There is something inherent in a male submitting to a female that screams the male is humiliating himself in doing so. At least that is the way society view things. Yet, I do feel that myself. I feel that submitting to a female is a humiliating act. 

That has troubled me until I thought that submission itself is an act of humiliation, whether it’s male to Female, or female to Male, or otherwise. The humbling of oneself to be controlled by another. I guess that is humiliation.

This erotic humilation is, I believe, the foundation for my submission.  For whatever reason I get a thrill from it. 

What I'd like to know is if this thinking is solid or am I missing something?




SusanofO -> RE: Is submission humiliating? (6/27/2006 8:29:58 PM)

Some people like being humiliated (me, for instance). I haven't analyzed it all that much. Seriously, to me, there is nothing humiliating about submitting  - it feels totally natural. It makes me feel necessary (and protected; can't get enough of feeling protected I guess). So what if you're a guy? If you love it, you love it.  Go for it.

- Susan 




zenofeller -> RE: Is submission humiliating? (6/27/2006 8:30:24 PM)

i wouldn't say female submitting to male is socially humiliating, because historical accident has it that society agreed for most of it's history that is the proper place for any female. there are women still alive today that have in fact raised up with those ideas.

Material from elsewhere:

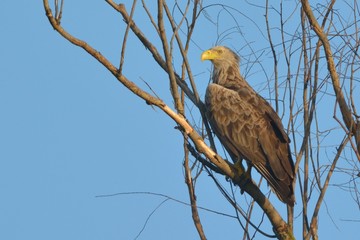 White Tailed Eagle on a tree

humiliation is a very difficult thing to talk about, because it's extremely ill defined. the common easy solution is to say each his own. as such, your thinking can not be but solid, as far as you limit it to yourself.

many people would agree with you, saying that humiliation is the foundation of their submission.

but you are probably missing something anyway.




Caretakr -> RE: Is submission humiliating? (6/27/2006 8:33:45 PM)

I know about this.

Humiliation as an excitement, is based on breaking societal condtioning. It sets one apart from the mainstream, thumbs a nose in the direction of stereotypes, and the politically correct.

It's freedom.




CrappyDom -> RE: Is submission humiliating? (6/27/2006 8:44:34 PM)

Teego,

While I have never taken a male submissive I have known quite a few.  The forms their submission take are highly varied.  Some are stoic, some bratty, some submit from a place of strength, others from a place of humiliation.

You aren't missing anything, but there is much to see, much to explore, but the most interesting journey is into yourself.  Enjoy.




enigmabrat -> RE: Is submission humiliating? (6/27/2006 8:47:33 PM)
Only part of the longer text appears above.